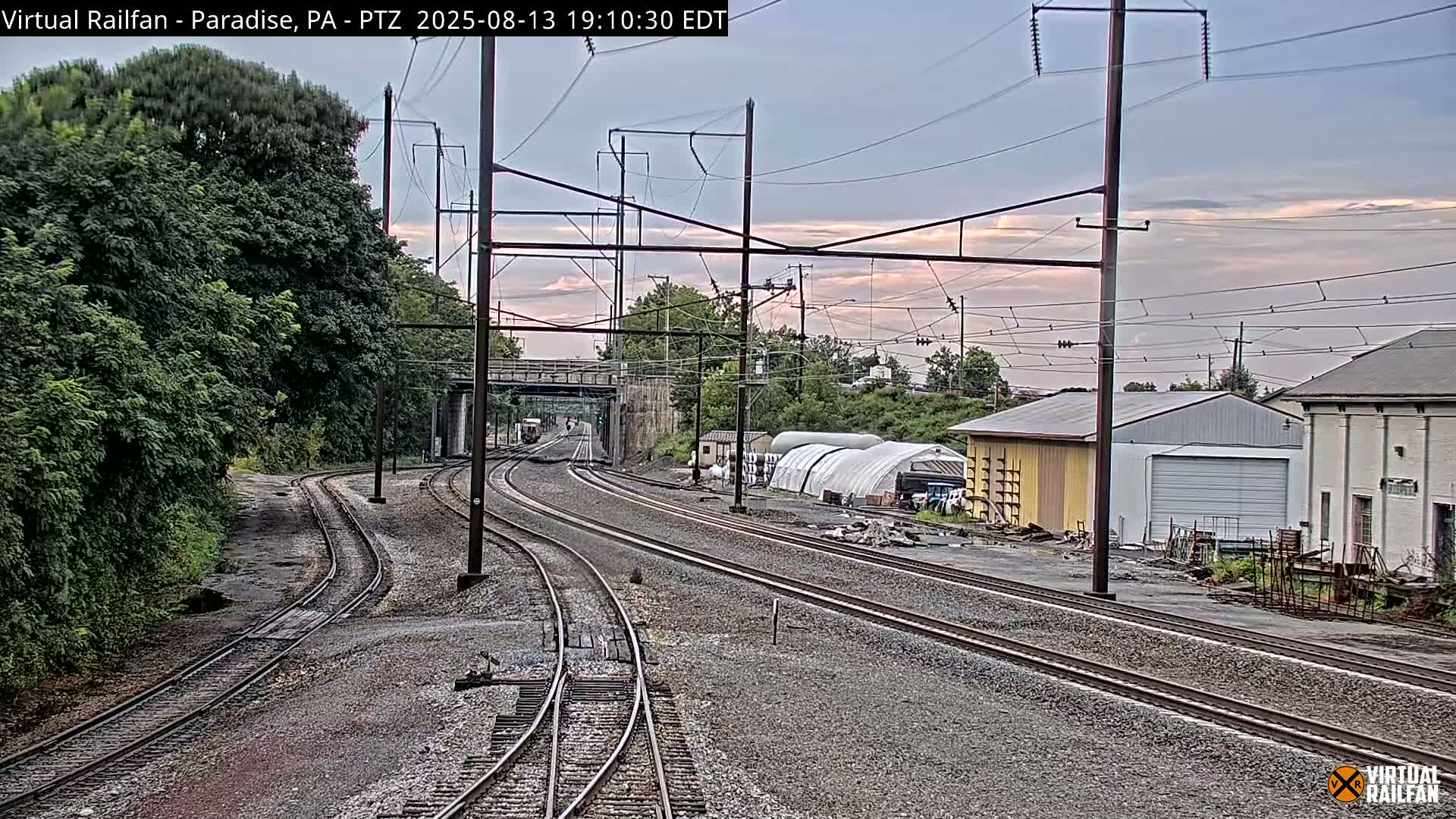 Paradise, Leaman Place Railroad Junction Live Cam - Paradise, Lancaster, Pennsylvania, USA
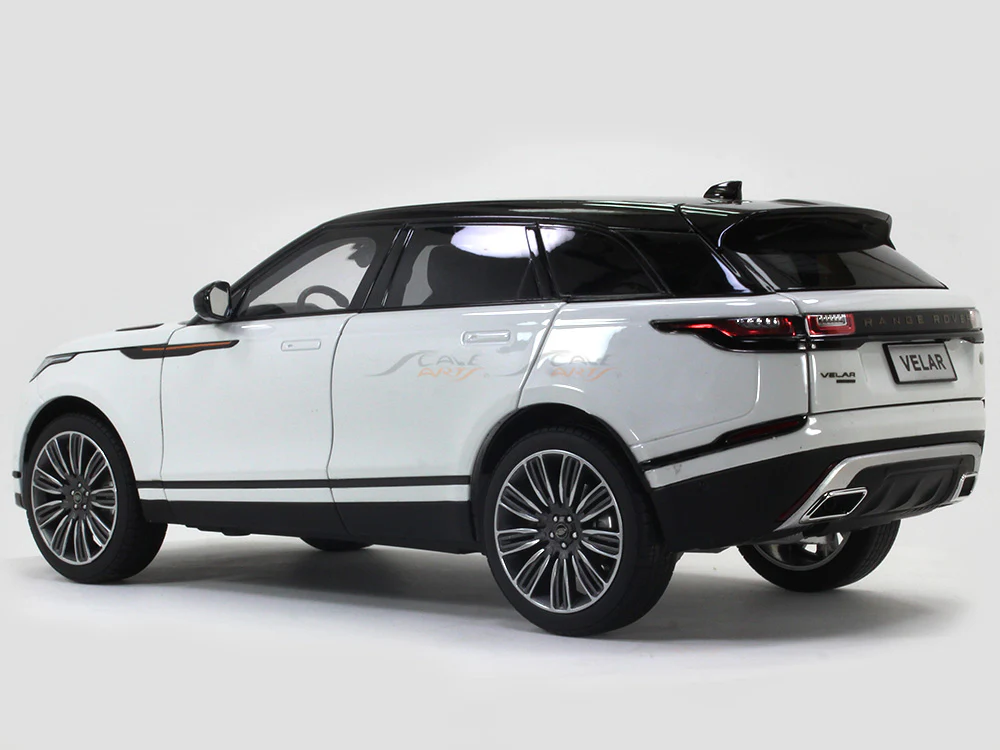 2018 Land Rover Range Rover Velar First Edition white 1:18 LCD models diecast scale car - Image 3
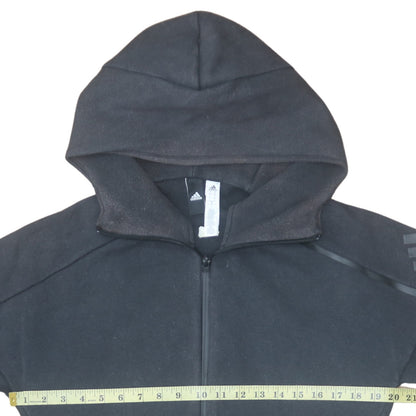 Mens UK Size S Adidas Black Full Zip Hoodie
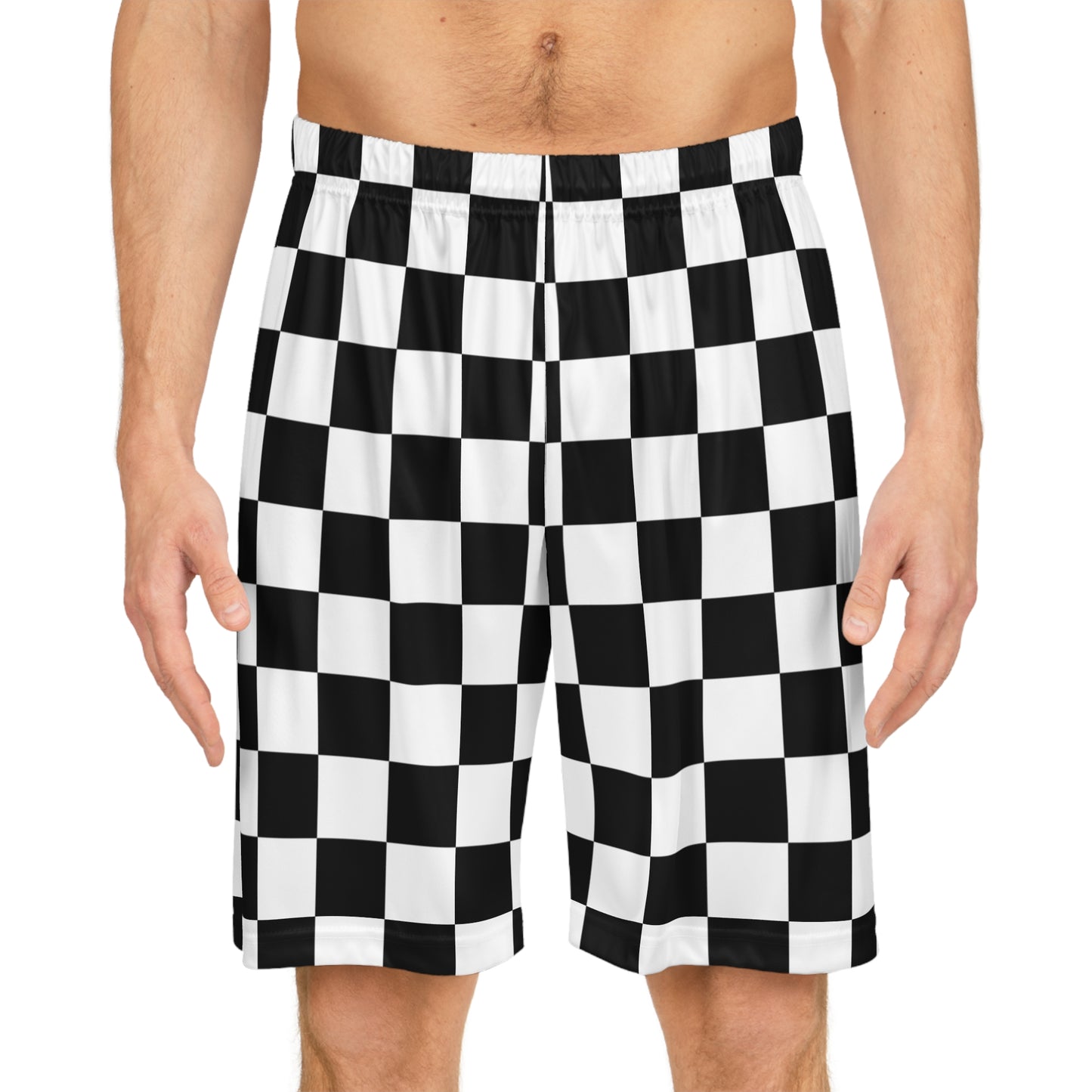 Checkered Basketball Shorts (AOP)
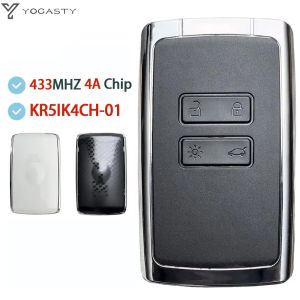 YOCASTY 285977147R For Renault Megane4 Espace5 Kadjar Talisman 2016 - 2019 Smart Keyless Key PCF7953M 4A Chip 434Mhz KR5IK4CH-01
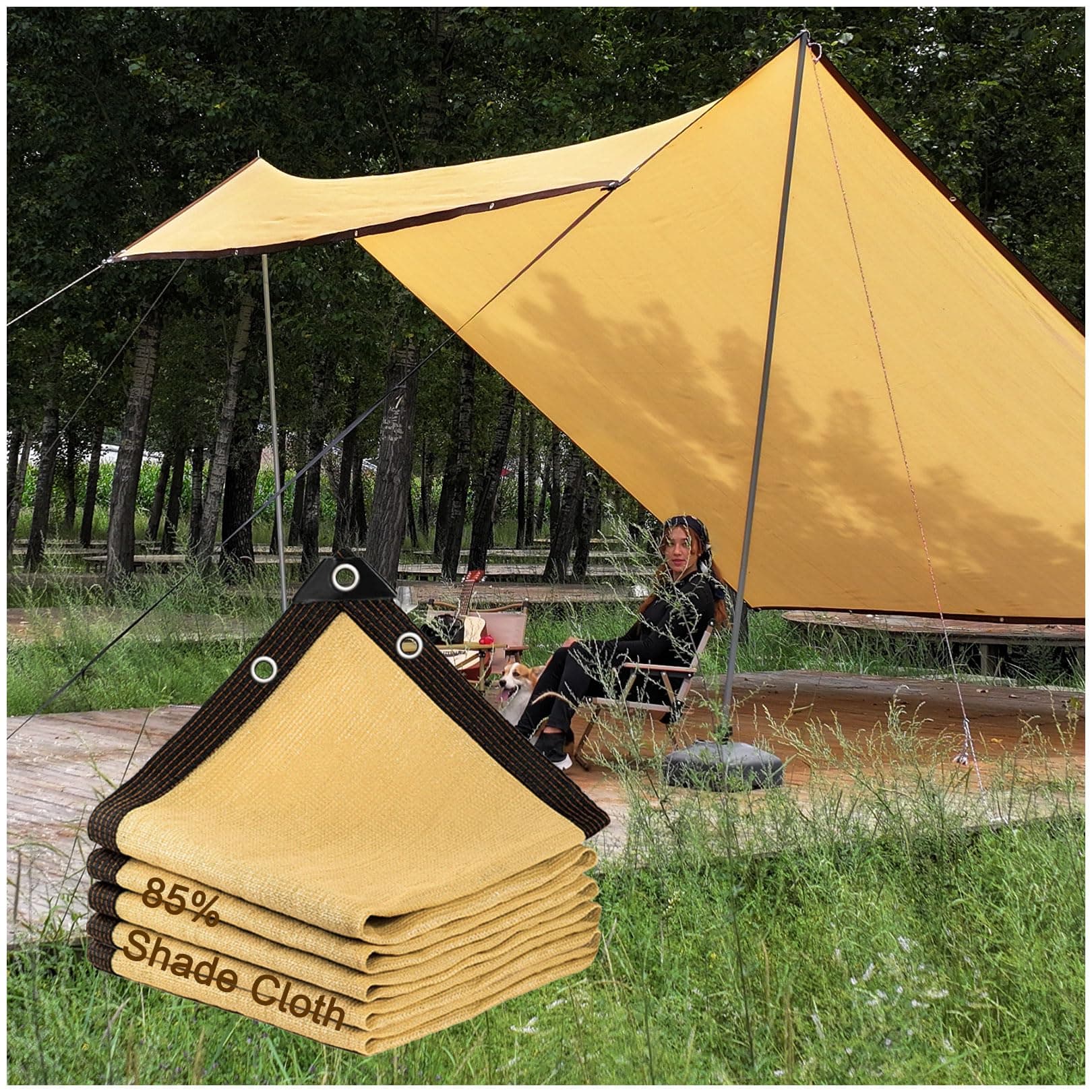 Filet D'Ombrage, Voiles D'ombrage 85% UV Toile D'Ombrage, Tissu D'ombrage Serres Coupe Ventpour La Couverture avec Oeillets, pour Serre/Jardin/Pergola/Patio Lawn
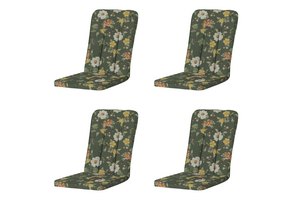 Madison - Tuintstoelkussen Hoge Rug Julliete - Multikleur - 110x48x6cm - Set van 4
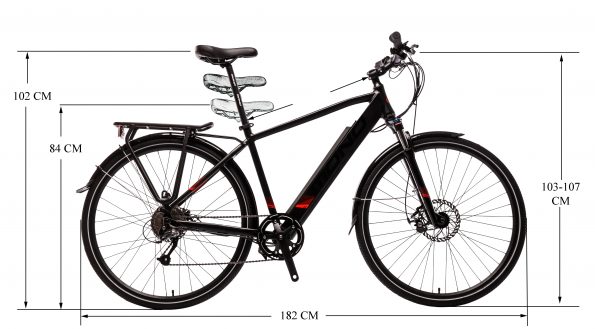 E-MONO 28"(700C) Electric Urban Bike SE-70M001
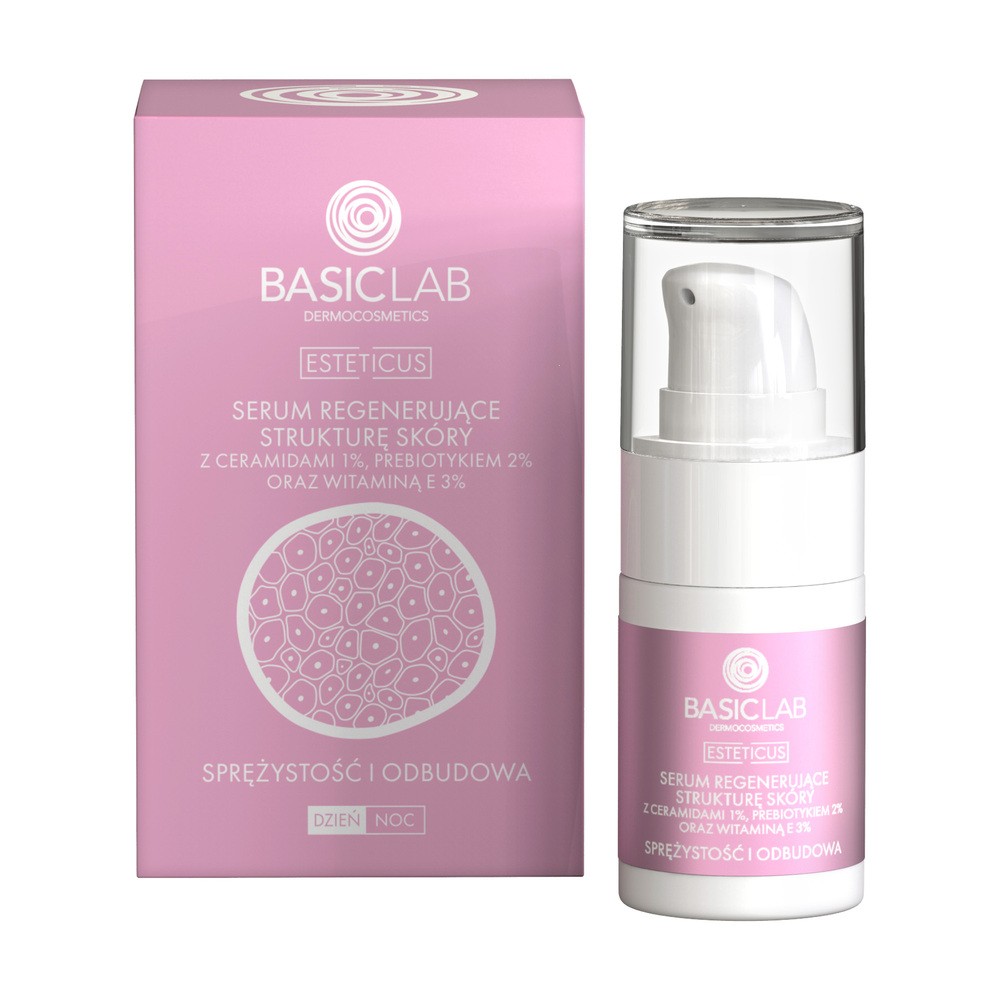 BasicLab BasicLab ESTETICUS Serum Regenerujące Strukturę Skóry Z Ceramidami 1% - 15 ml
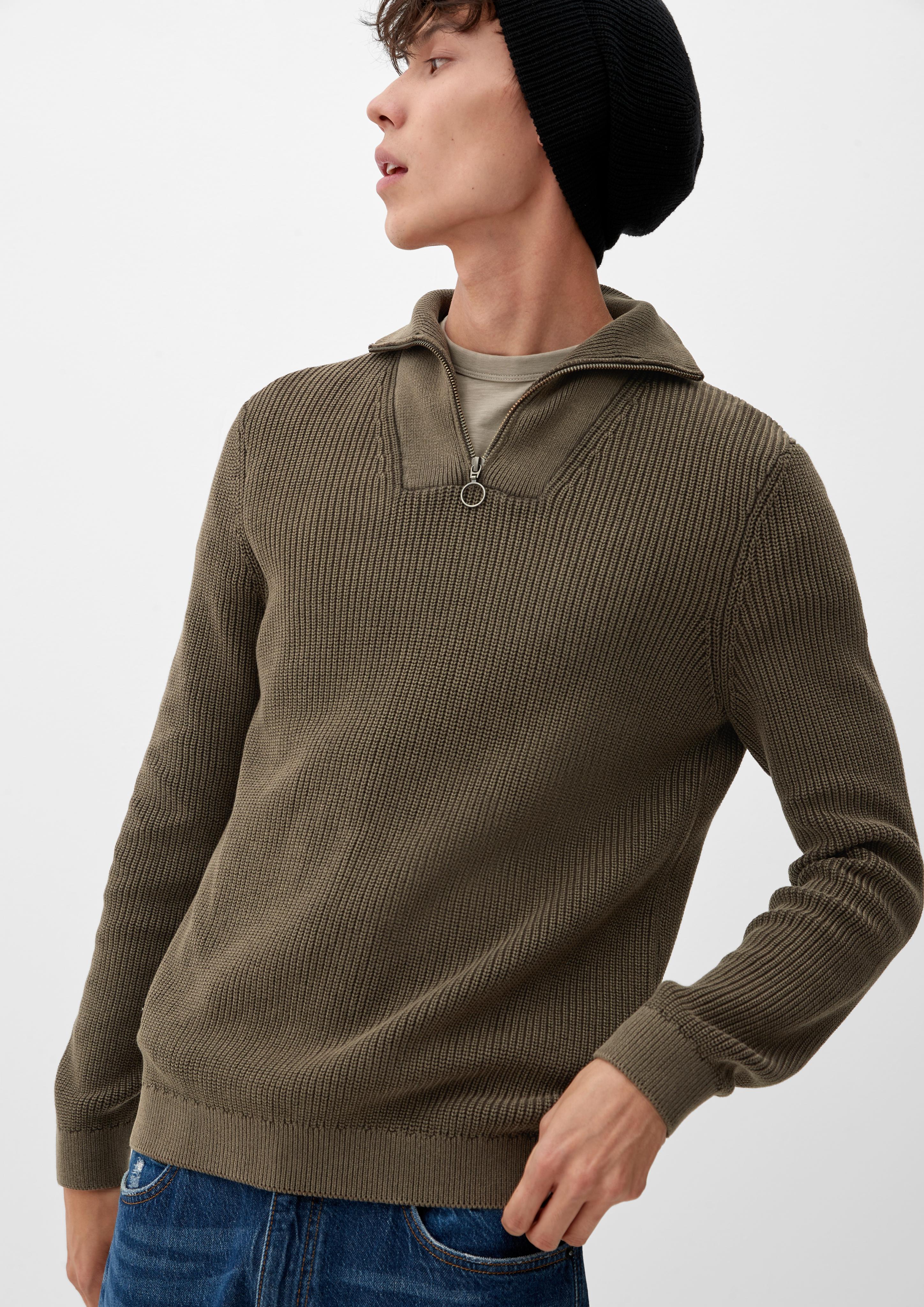 Pullover mit Troyer-Kragen  2118699-8554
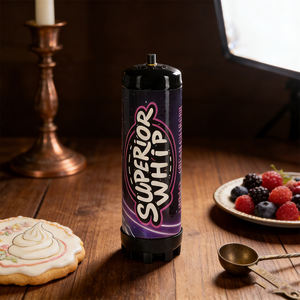 2026 Superior 1364g Bouteille de gaz pour crème fouettée en acier au carbone, outils pour desserts à la crème fouettée - Product Image 1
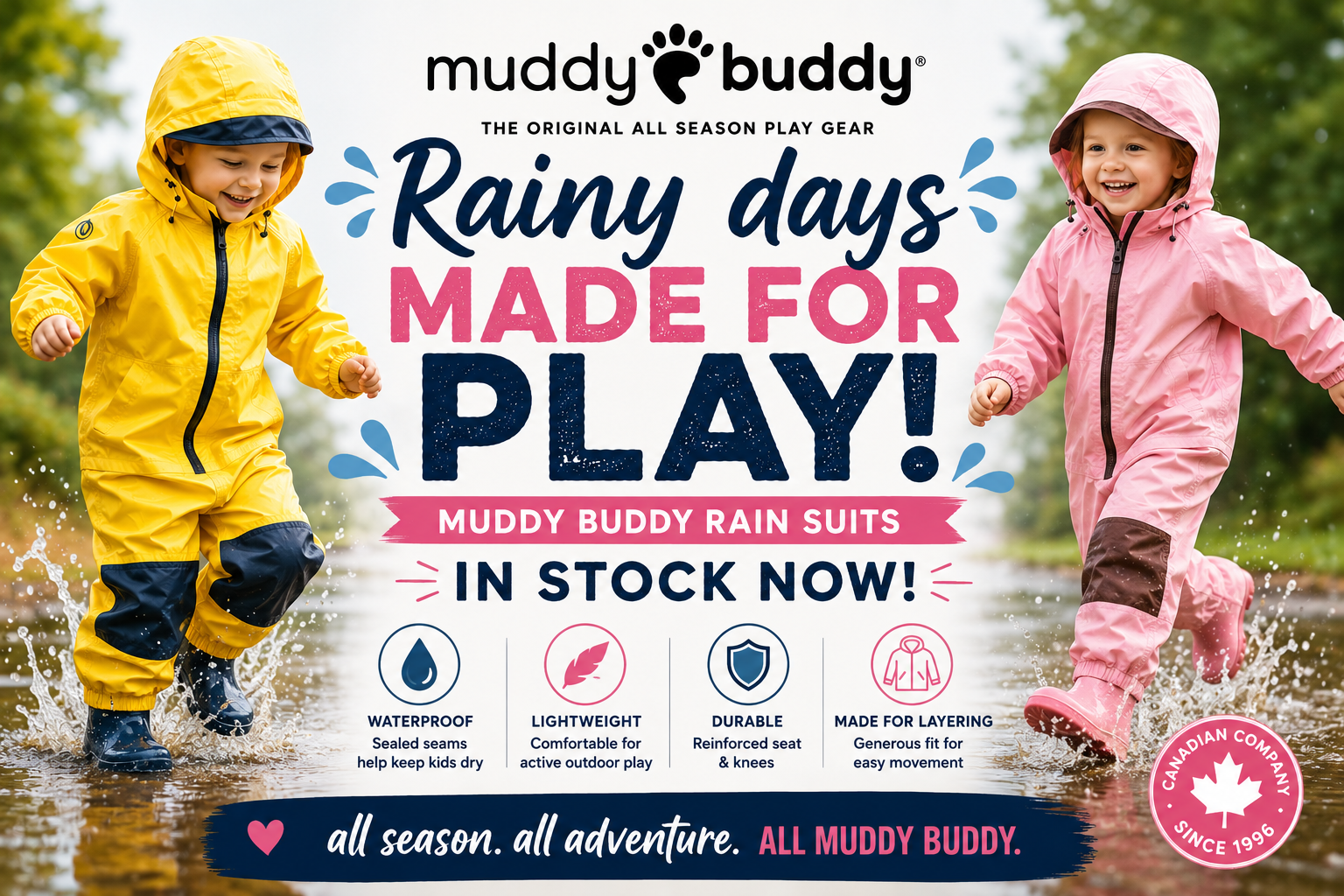 Muddy Buddy in Stock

□ □ □ □ □ □ □

What you have to do => Your copy should hold exactly the lines from the line bearing "2018 Land Rover" through the end of the data, both included, and no pictures or anything further.

Output below =>
 2018 Land Rover Range Rover Velar First Edition white 1:18 LCD models diecast scale car - Image 3
 Mens UK Size S Adidas Black Full Zip Hoodie
 Checkered Basketball Shorts (AOP)
 YOCASTY 285977147R For Renault Megane4 Espace5 Kadjar Talisman 2016 - 2019 Smart Keyless Key PCF7953M 4A Chip 434Mhz KR5IK4CH-01
 Filet D'Ombrage, Voiles D'ombrage 85% UV Toile D'Ombrage, Tissu D'ombrage Serres Coupe Ventpour La Couverture avec Oeillets, pour Serre/Jardin/Pergola/Patio Lawn
 Madison - Tuintstoelkussen Hoge Rug Julliete - Multikleur - 110x48x6cm - Set van 4
 E-MONO 28"(700C) Electric Urban Bike SE-70M001
 BasicLab BasicLab ESTETICUS Serum Regenerujące Strukturę Skóry Z Ceramidami 1% - 15 ml
 Pullover mit Troyer-Kragen  2118699-8554
 2026 Superior 1364g Bouteille de gaz pour crème fouettée en acier au carbone, outils pour desserts à la crème fouettée - Product Image 1
 Muddy Buddy in Stock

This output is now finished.